→ Requirement
For this exercise, repeat the whole listing below exactly. Leave the pictures out.

→ The data
+-------+

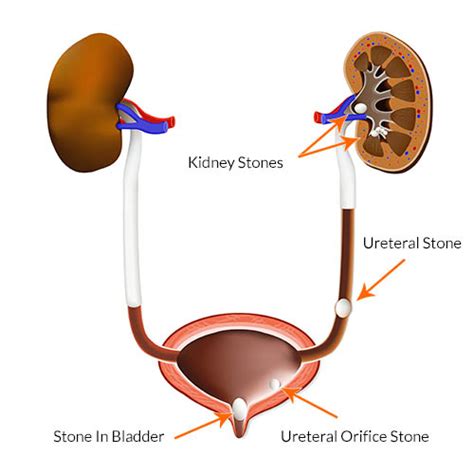 Kidney Stone Overview, Symptoms, Diagnosis & Treatment Options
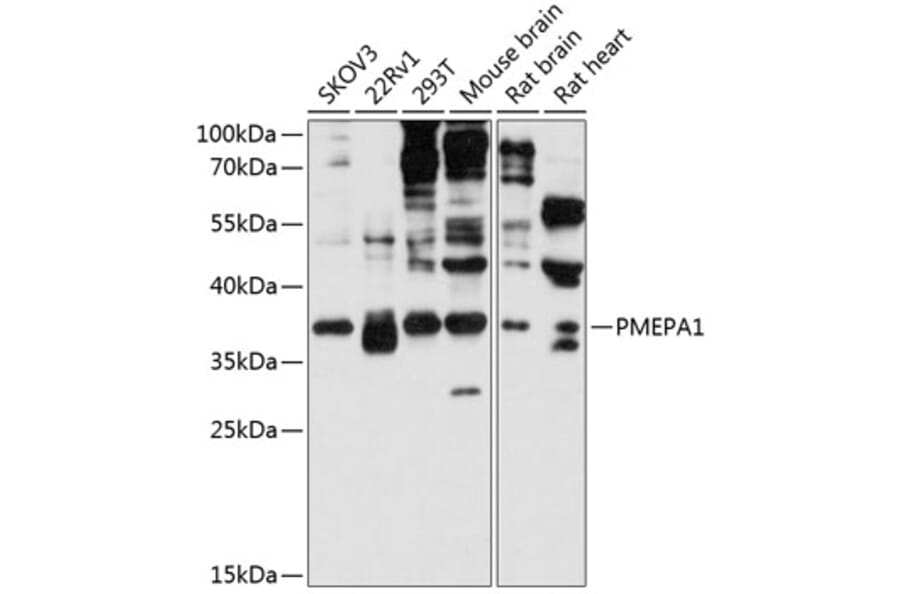Western Blot - Anti-TMEPAI Antibody (A80747) - Antibodies.com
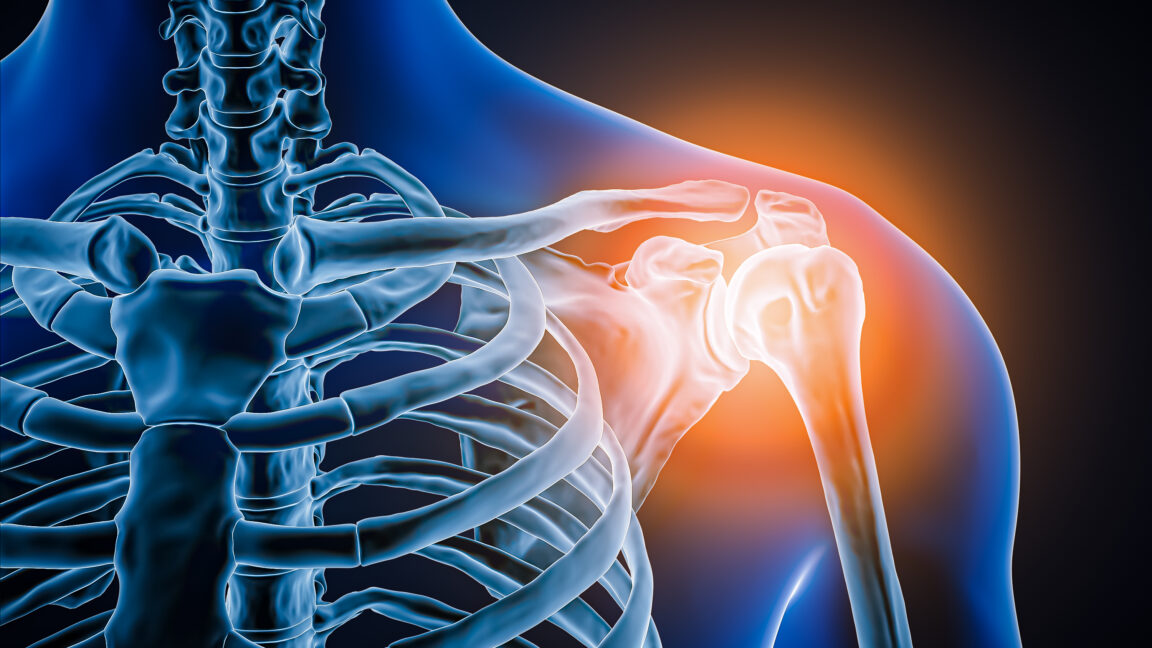 Source-feed image associated with Doctors took a look at man's painful shoulder—they found the joint was missing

+-------+

→ Task answer
 Kidney Stone Overview, Symptoms, Diagnosis & Treatment Options
Western Blot - Anti-TMEPAI Antibody (A80747) - Antibodies.com
 Source-feed image associated with Doctors took a look at man's painful shoulder—they found the joint was missing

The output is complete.